The event — first reported by the nonprofit nonpartisan news website Kansas Reflector — prompted widespread condemnation and calls for Republican officials to resign.

The Kansas state GOP issued a statement Monday that said “it’s unfortunate the events took place.” But it blamed the incident on an outside exhibitor and a former state party member who “created false narrative in order to spew rhetoric and capitalize on continued attempts to divide the party.” No state party officials attended the event, the statement said.

On Saturday, Overland Park attorney Mike Kuckelman, the former chairman of the state Republican Party, said in a Facebook post that guests at the event had been “invited to beat the effigy of Biden with a baseball bat in exchange for a donation.”

“This conduct is shameful, and it is WRONG,” Kuckelman wrote, calling for Holiday and current GOP state Chairman Mike Brown to resign. “Silence is complicity in this case.”

Kuckelman said in an interview Monday that “it’s very disappointing as a Republican to see such a vile and disgusting display of violence against a mannequin of President Biden.
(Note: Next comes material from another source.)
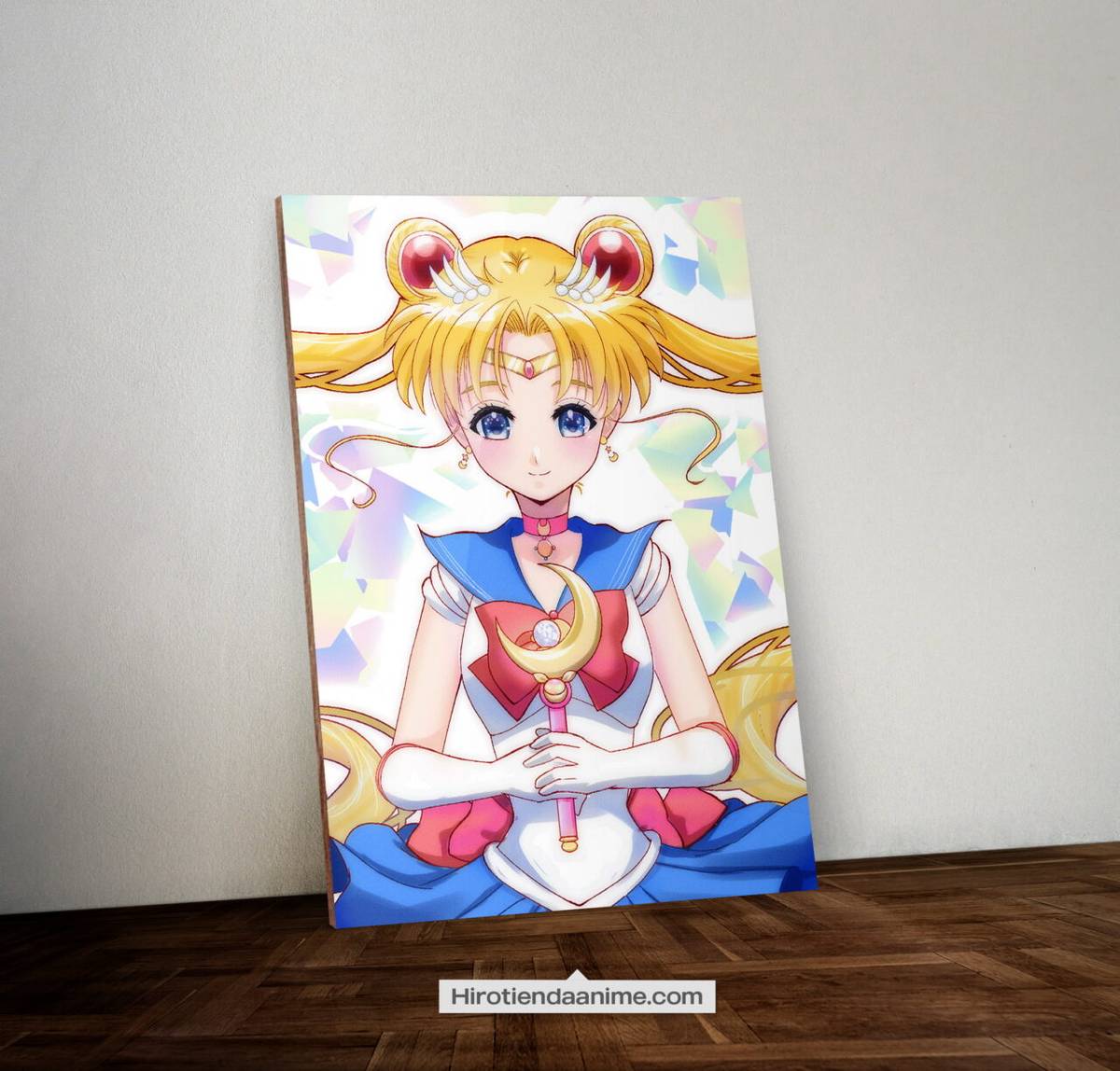 Cuadro Sailor Moon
It’s just wrong and there’s no explanation for that type of conduct.”

“The only people who are engage in this type of conduct are extremists who should be called out and shamed,” he said.

Kuckelman said Monday that he was surprised no current GOP party officials had yet apologized for the event.

“I think they’re standing firm that it was okay for them to do this and it’s really disturbing,” he said.

In his post, Kuckelman referred to the 2017 incident in which comedian Kathy Griffin posed with a Donald Trump mask made to look like a bloody, severed head — a gesture that also was widely condemned and severely damaged Griffin’s career.

Prasanth Reddy, a Johnson County oncologist and Republican running for Kansas’s 3rd Congressional District, which includes the suburb where the event took place, said in an X post that “ridiculous, thoughtless actions like this distract from those trying to deliver solutions.”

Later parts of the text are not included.